I want to find cosine distance between each pair of 2 tensors.
That is given [a,b] and [p,q], I want a 2x2 matrix which finds
[ cosDist(a,p), cosDist(a,q)
cosDist(b,p), cosDist(b,q) ]
I want to be able to use this matrix for triplet loss with hard mining.
What is the best way to do this?
Thanks
I am not sure about cosine distance. You might do something similar to below code.
For L2 loss, you might use this:
Thanks @InnovArul, I had been referring to this code. I was wondering if it is possible to use nn.CosineSimilarity() instead of computing the cosine similarity manually, just to be sure that there are no errors by me.
Something like:
import torch
def cosine_distance_torch(x1, x2=None, eps=1e-8):
x2 = x1 if x2 is None else x2
w1 = x1.norm(p=2, dim=1, keepdim=True)
w2 = w1 if x2 is x1 else x2.norm(p=2, dim=1, keepdim=True)
return 1 - torch.mm(x1, x2.t()) / (w1 * w2.t()).clamp(min=eps)
def cosine_similarity_n_space(m1=None, m2=None, dist_batch_size=100):
NoneType = type(None)
device = torch.device('cuda' if torch.cuda.is_available() else 'cpu')
if type(m1) != torch.Tensor: # only numpy conversion supported
m1 = torch.from_numpy(m1).float()
if type(m2) != torch.Tensor and type(m2)!=NoneType:
m2 = torch.from_numpy(m2).float() # m2 could be None
m2 = m1 if m2 is None else m2
assert m1.shape[1] == m2.shape[1]
result = torch.zeros([1, m2.shape[0]])
for row_i in range(0, int(m1.shape[0] / dist_batch_size) + 1):
start = row_i * dist_batch_size
end = min([(row_i + 1) * dist_batch_size, m1.shape[0]])
if end <= start:
break # cause I'm too lazy to elegantly handle edge cases
rows = m1[start: end]
# sim = cosine_similarity(rows, m2) # rows is O(1) size
sim = cosine_distance_torch(rows.to(device), m2.to(device))
result = torch.cat( (result, sim.cpu()), 0)

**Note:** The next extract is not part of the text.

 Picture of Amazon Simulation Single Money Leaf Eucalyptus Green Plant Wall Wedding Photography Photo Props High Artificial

result = result[1:, :] # deleting the first row, as it was used for setting the size only
del sim
return result.numpy() # return 1 - ret # should be used with sklearn cosine_similarity
Thanks but it too complex and time consuming
@Oli: You just used original cosine sim function. It only returns the triangle value of matrix. I want to return a paired sim, so it will be full matrix
@John1231983; it isn’t time consuming if the GPU is enabled.
Usage example:
input1 = torch.randn(5, 7)
input2 = torch.randn(5, 7)
dist_mat = cosine_distance_torch(input1, input2, 2.4)
print(dist_mat )
Actually, I have input of 5D. so I sure that your way is time-comsuming
In fact, it does not work for a 5D input.
You can use this snippet. Cosine similarity is the same as the scalar product of the normalized inputs and you can get the pw scalar product through matrix multiplication.

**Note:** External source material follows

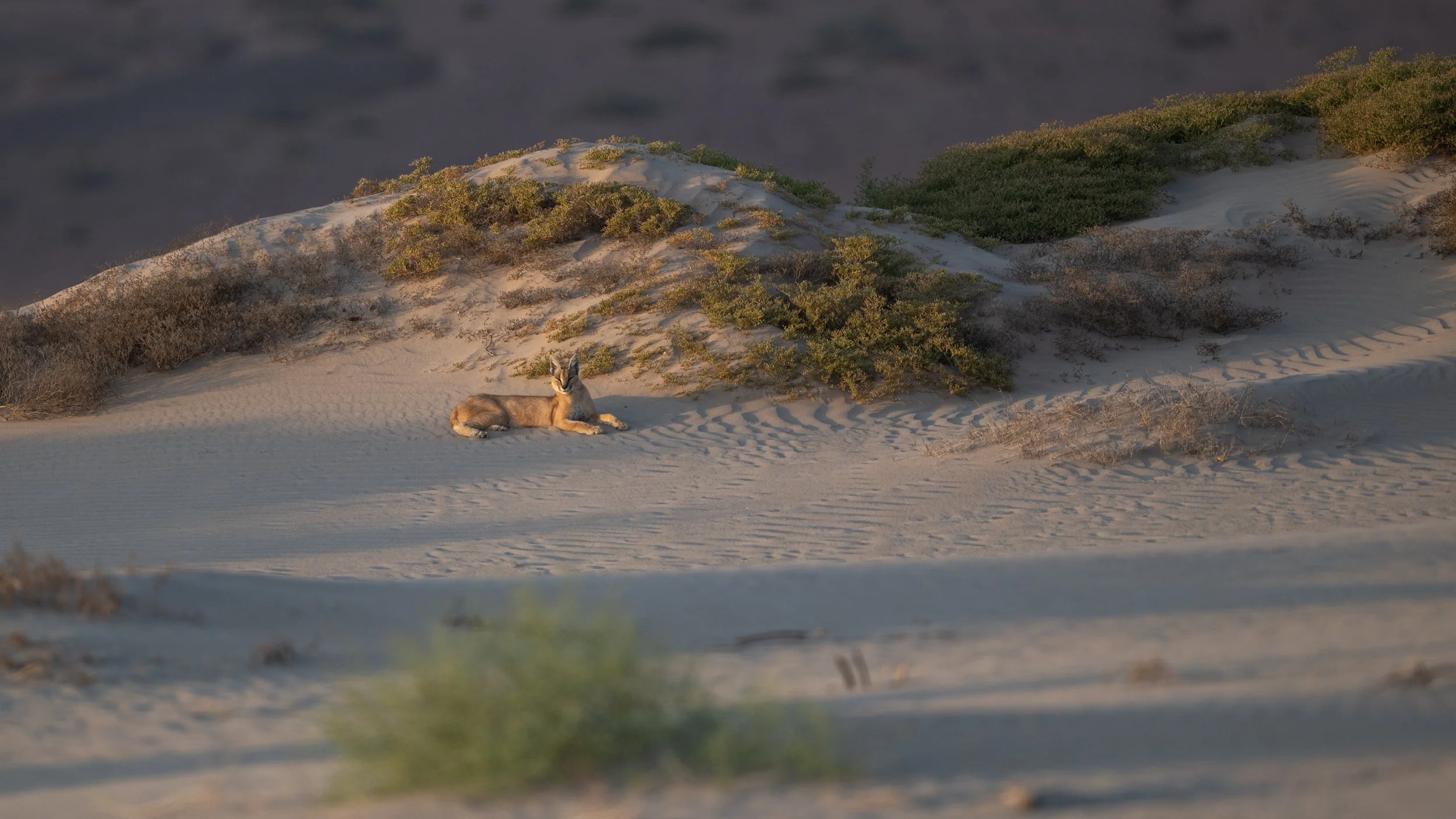 A rare and very special sighting of this caracal.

Cosine distance in turn is just 1-cosine_similarity.
def pw_cosine_distance(input_a, input_b):
normalized_input_a = torch.nn.functional.normalize(input_a)
normalized_input_b = torch.nn.functional.normalize(input_b)
res = torch.mm(normalized_input_a, normalized_input_b.T)
res *= -1 # 1-res without copy
res += 1
return res
This github issue gives a nice way to achieve this using the built in cosine_similarity function.
Essentially:
th.nn.functional.cosine_similarity(x[:,:,None], x.t()[None,:,:])
I assume this solution is sample and clean:
since pairwise_cosine_similarity already achieved pairwise cosine distance compute, but do not support batch input. Cosine Similarity — PyTorch-Metrics 0.11.4 documentation (torchmetrics.readthedocs.io)
We can vmap this pairwise_cosine_similarity to make it aviliable for batch data.
# torch 1.13.0
import functorch
from torchmetrics.functional import pairwise_cosine_similarity
batched_pairwise_cosine_similarity= functorch.vmap(pairwise_cosine_similarity)
a=torch.randn(64,150,10)
b=torch.randn(64,100,10)
batched_pairwise_cosine_similarity(a,b) # [64,150,100]